WHAT THIS TASK INVOLVES = A faithful copy of every entry is the goal; keep the images out of it.

== Segment start ==

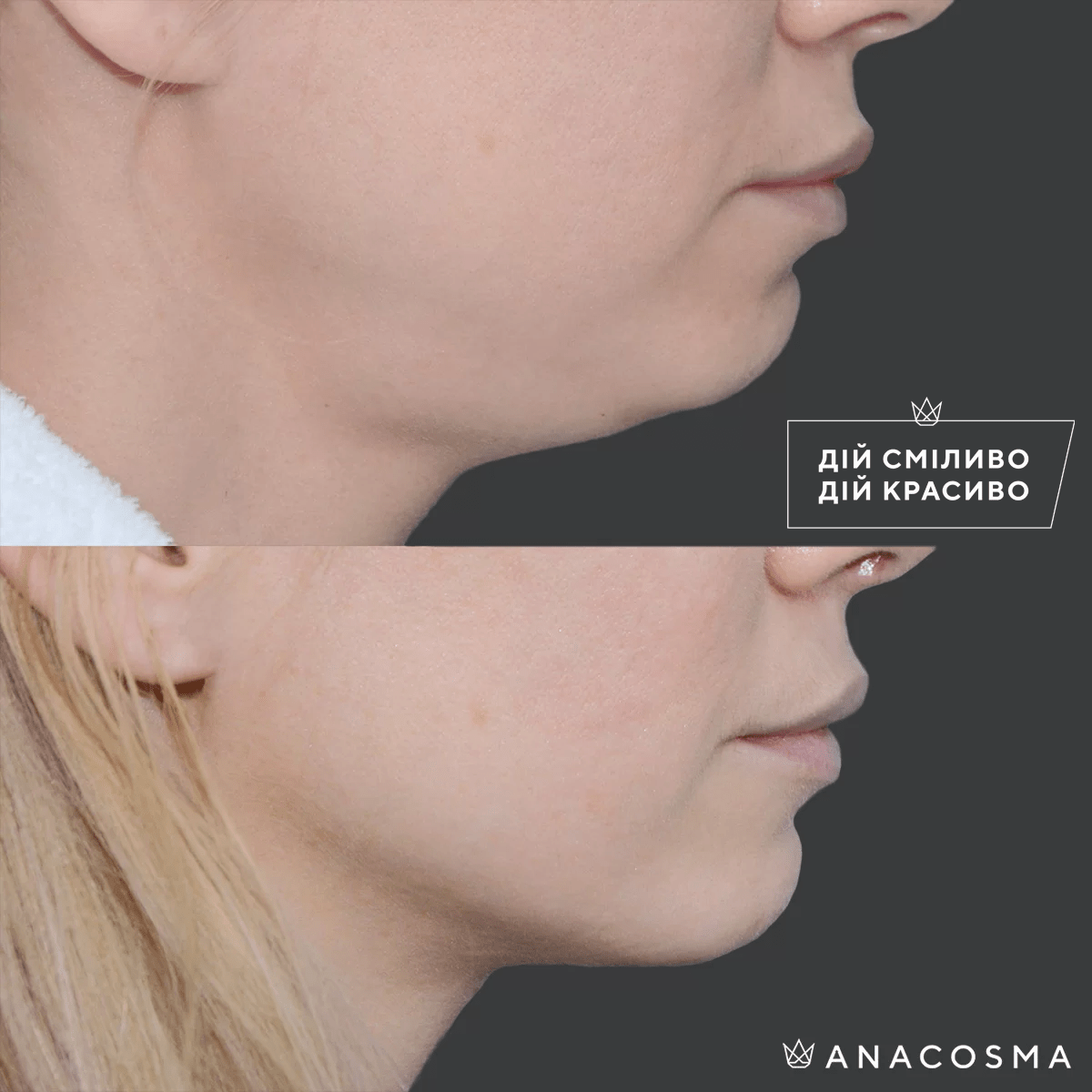 Ліпосакція обличчя до і після - Фото 7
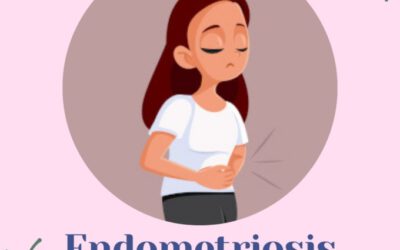 Endometriosis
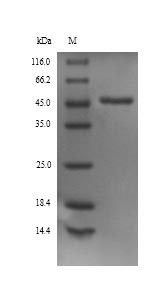 Recombinant Rat Alpha-1-antiproteinase(Serpina1)  - Absci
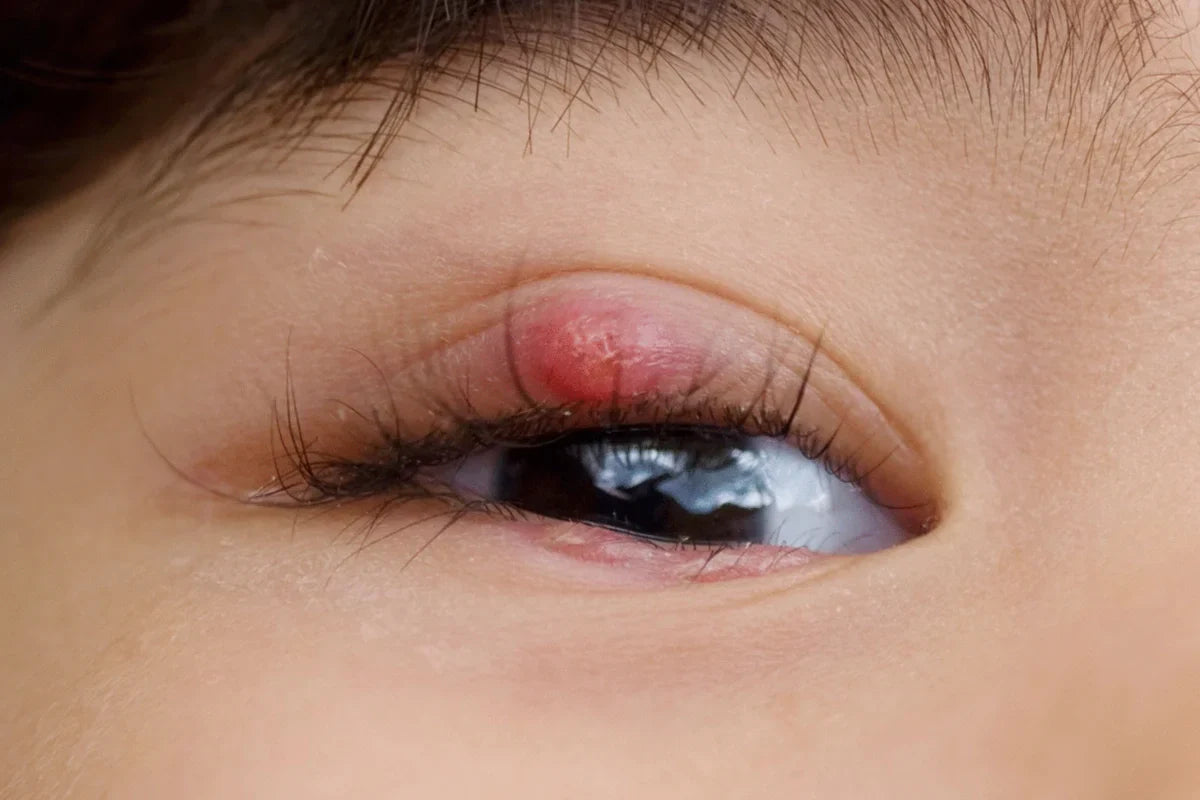 woman with stye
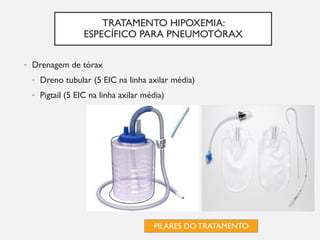 TRATAMENTO HIPOXEMIA:
ESPECÍFICO PARA PNEUMOTÓRAX
• Drenagem de tórax
• Dreno tubular (5 EIC na linha axilar média)
• Pigtail (5 EIC na linha axilar média)
PILARES DO TRATAMENTO
 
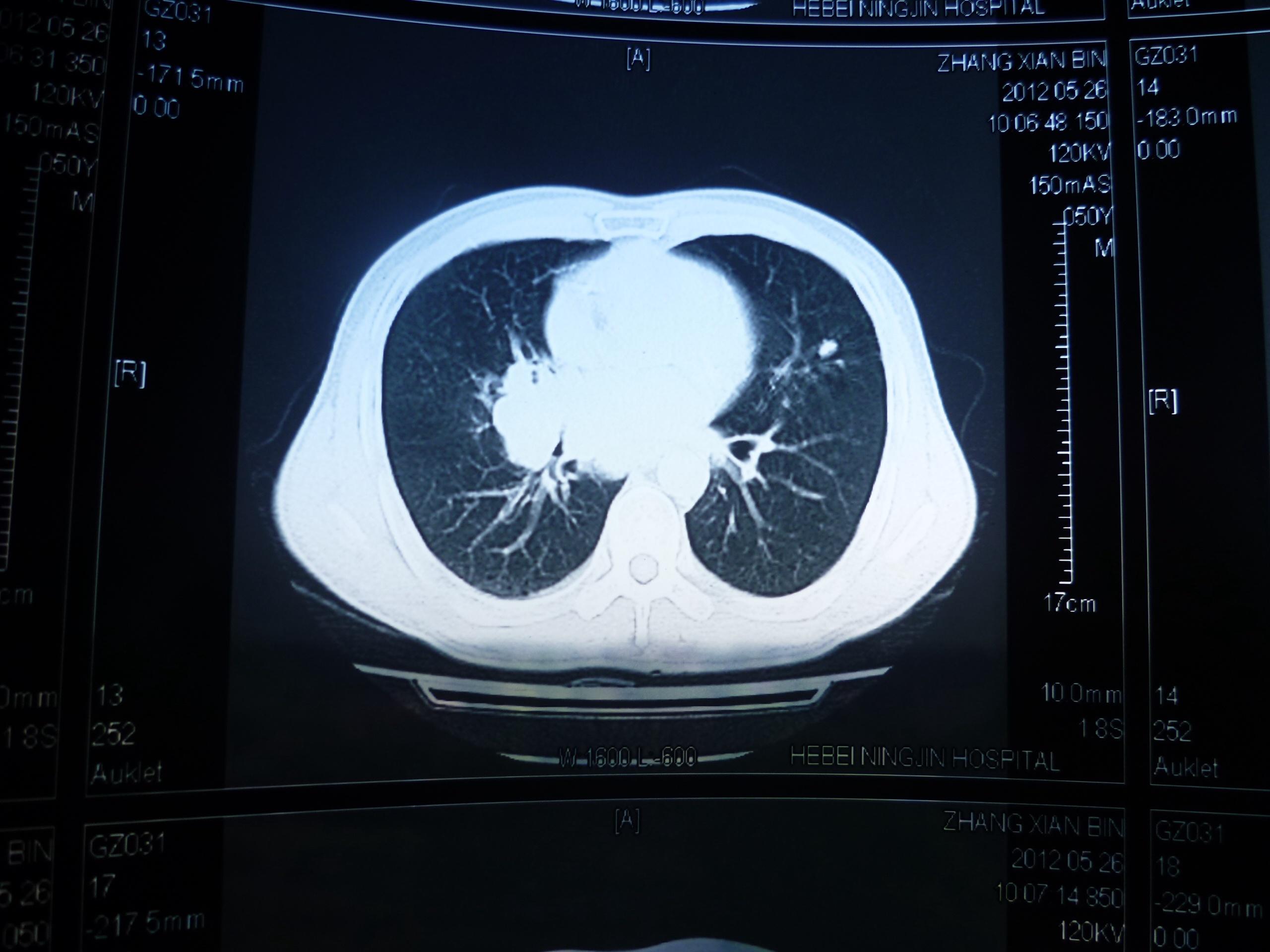 肺癌腦轉移 - 腫瘤醫學專業討論版 - 愛愛醫醫學論壇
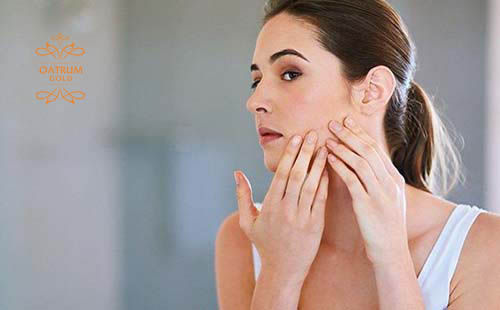 Sự thay đổi nội tiết tố là nguyên nhân hàng đầu gây ra mụn trứng cá dạng nang.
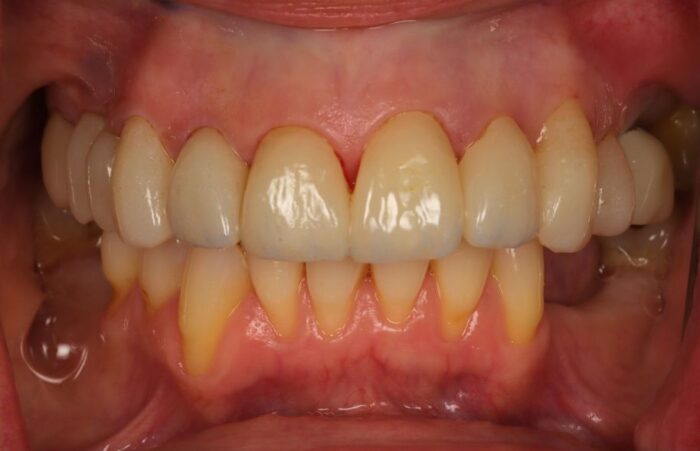 After - Dent Blanche Implant & Dental Centre Road Dental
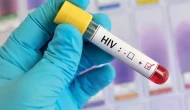 AIDS nedir? AIDS belirtileri nelerdir? HIV pozitif ne demek?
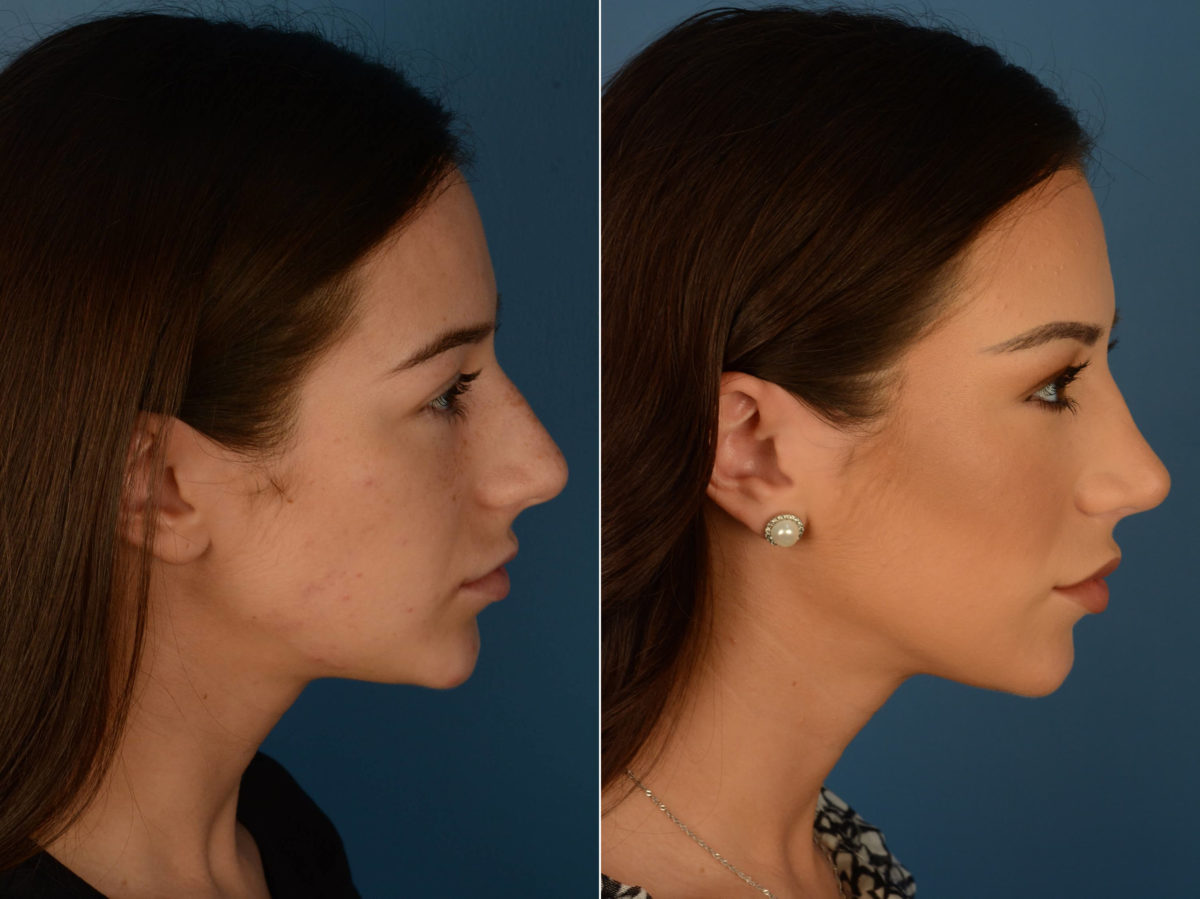 Rhinoplasty Before and After Photos in Naples, FL, Patient 22100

== Segment end ==

EXERCISE OUTPUT =
 Ліпосакція обличчя до і після - Фото 7
 Endometriosis
 Recombinant Rat Alpha-1-antiproteinase(Serpina1)  - Absci
 woman with stye
 TRATAMENTO HIPOXEMIA:
ESPECÍFICO PARA PNEUMOTÓRAX
• Drenagem de tórax
• Dreno tubular (5 EIC na linha axilar média)
• Pigtail (5 EIC na linha axilar média)
PILARES DO TRATAMENTO
 
 肺癌腦轉移 - 腫瘤醫學專業討論版 - 愛愛醫醫學論壇
 Sự thay đổi nội tiết tố là nguyên nhân hàng đầu gây ra mụn trứng cá dạng nang.
 After - Dent Blanche Implant & Dental Centre Road Dental
 AIDS nedir? AIDS belirtileri nelerdir? HIV pozitif ne demek?
 Rhinoplasty Before and After Photos in Naples, FL, Patient 22100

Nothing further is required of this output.